Cinque gustosi piatti tipici romani

Alberto Sordi, che spesso nei suoi film ha parlato dei piatti tipici romani, in

Venezia a parte (visto che ci abito ad un’ora di treno), credo che la città che ho visitato più spesso a fini turistici in vita mia sia Roma: una città che, come diceva Italo Calvino per i libri, è un classico perché non smette mai di dirti quello che ha da dirti.

Certo, come in ogni città italiana anche nella nostra capitale non mancano le pecche, le cose che non funzionano (io, che mi ci son dovuto muovere recentemente con due passeggini, tre figli e una suocera al seguito segnalo soprattutto le carenze a livello di mezzi di trasporto), però c’è anche da andare orgogliosi di tanta bellezza.

E quando parliamo di bellezza, com’è d’uso nel nostro sito, non intendiamo solo bellezza artistica: perché Roma ha anche ottimi musei, splendidi panorami, una tradizione letteraria e cinematografica invidiabile, grandi realtà sportive ma anche una cucina particolarmente appetitosa.

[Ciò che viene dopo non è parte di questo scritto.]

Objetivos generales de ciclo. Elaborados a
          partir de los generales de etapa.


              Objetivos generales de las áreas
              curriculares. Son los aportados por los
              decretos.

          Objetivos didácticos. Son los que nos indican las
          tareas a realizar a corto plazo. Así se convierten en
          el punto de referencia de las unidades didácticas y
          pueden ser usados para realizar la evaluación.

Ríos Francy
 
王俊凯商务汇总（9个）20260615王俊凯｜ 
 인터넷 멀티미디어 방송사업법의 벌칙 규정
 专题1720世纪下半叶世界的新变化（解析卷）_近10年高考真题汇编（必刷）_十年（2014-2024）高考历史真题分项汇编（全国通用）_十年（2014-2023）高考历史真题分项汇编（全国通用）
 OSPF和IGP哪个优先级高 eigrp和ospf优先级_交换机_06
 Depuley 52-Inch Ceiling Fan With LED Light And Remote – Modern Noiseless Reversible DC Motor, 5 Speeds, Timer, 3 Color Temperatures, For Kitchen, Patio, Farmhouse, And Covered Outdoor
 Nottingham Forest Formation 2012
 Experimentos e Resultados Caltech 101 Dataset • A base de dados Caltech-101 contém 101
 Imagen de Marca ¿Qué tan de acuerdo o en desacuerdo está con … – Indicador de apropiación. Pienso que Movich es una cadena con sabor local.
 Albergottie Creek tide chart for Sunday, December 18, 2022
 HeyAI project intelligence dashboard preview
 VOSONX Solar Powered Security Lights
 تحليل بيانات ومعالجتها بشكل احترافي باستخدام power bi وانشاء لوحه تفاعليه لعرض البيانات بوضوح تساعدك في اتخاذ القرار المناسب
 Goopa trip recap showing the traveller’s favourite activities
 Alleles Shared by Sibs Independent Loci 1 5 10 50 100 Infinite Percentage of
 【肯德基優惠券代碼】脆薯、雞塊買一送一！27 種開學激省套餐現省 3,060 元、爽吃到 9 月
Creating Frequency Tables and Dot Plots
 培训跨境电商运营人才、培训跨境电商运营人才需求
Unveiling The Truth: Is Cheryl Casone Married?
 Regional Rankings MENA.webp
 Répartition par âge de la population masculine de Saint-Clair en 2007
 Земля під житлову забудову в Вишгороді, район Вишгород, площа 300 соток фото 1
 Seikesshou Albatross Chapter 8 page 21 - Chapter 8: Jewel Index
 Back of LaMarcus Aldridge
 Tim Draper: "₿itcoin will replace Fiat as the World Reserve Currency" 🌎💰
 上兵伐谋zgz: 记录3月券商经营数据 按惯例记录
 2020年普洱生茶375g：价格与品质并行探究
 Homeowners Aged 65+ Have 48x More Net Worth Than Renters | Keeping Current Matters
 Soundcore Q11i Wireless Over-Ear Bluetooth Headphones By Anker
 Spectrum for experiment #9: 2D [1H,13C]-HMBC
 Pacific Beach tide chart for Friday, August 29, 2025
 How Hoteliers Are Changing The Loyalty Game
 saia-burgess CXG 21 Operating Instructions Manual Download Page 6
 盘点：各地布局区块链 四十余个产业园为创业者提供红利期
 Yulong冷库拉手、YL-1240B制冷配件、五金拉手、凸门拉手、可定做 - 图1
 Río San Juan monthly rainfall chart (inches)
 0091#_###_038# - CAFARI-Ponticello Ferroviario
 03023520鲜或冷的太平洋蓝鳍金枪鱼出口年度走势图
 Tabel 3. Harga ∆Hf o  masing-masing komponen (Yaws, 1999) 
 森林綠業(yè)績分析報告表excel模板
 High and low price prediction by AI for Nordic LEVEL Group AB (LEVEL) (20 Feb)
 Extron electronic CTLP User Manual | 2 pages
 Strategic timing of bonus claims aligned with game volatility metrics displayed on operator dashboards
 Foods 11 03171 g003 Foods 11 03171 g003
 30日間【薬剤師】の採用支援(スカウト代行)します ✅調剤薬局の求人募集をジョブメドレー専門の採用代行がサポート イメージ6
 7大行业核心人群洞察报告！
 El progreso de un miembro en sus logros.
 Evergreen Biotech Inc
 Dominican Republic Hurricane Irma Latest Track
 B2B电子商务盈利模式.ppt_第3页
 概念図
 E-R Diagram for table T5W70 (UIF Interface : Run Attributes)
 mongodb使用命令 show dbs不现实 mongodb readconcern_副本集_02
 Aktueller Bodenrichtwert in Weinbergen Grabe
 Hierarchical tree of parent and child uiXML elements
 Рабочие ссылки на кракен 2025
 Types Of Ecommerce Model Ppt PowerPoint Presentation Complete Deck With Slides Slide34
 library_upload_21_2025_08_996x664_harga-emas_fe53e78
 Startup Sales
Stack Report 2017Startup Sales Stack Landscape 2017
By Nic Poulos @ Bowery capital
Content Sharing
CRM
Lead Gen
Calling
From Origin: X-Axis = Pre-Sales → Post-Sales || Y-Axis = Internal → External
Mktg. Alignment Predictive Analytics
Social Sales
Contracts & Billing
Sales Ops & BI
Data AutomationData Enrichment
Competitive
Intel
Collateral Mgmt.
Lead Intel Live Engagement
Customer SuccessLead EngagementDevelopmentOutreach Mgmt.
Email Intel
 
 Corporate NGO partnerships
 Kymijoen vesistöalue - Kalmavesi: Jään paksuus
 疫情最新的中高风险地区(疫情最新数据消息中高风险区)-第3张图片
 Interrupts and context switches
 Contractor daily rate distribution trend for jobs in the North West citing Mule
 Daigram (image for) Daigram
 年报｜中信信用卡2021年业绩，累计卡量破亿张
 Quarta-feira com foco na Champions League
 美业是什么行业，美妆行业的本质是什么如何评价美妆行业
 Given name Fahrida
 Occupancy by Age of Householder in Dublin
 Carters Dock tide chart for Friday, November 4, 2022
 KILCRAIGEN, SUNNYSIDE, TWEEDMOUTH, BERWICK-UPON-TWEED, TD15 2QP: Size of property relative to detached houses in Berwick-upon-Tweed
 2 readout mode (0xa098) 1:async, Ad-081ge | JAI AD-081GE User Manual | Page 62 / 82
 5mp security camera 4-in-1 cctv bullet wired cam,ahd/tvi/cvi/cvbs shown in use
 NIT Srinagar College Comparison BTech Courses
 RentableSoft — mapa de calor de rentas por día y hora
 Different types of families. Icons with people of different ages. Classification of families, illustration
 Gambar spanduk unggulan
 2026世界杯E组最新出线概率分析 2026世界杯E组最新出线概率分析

E proprio su quest’ultimo aspetto vogliamo concentrarci oggi tramite la nostra guida alla storia e ai gusti di cinque gustosi piatti tipici romani.

 

1. Bucatini all’amatriciana

Che la si chiami amatriciana in italiano o direttamente matriciana in romanesco, la salsa originata nella cittadina laziale di Amatrice (e poi importata nella capitale dai molti osti che da quella città provenivano) è forse la più celebre della cucina romana.

Tanto celebre da essere ormai usata in tutta Italia senza soluzione di continuità come uno dei condimenti più tipici della pasta.

Bucatini all'amatriciana

Ma che sia profondamente laziale è dimostrato soprattutto dagli ingredienti di cui è composta: il guanciale, il pomodoro e soprattutto il pecorino, tutti prodotti classici della tradizione culinaria romana.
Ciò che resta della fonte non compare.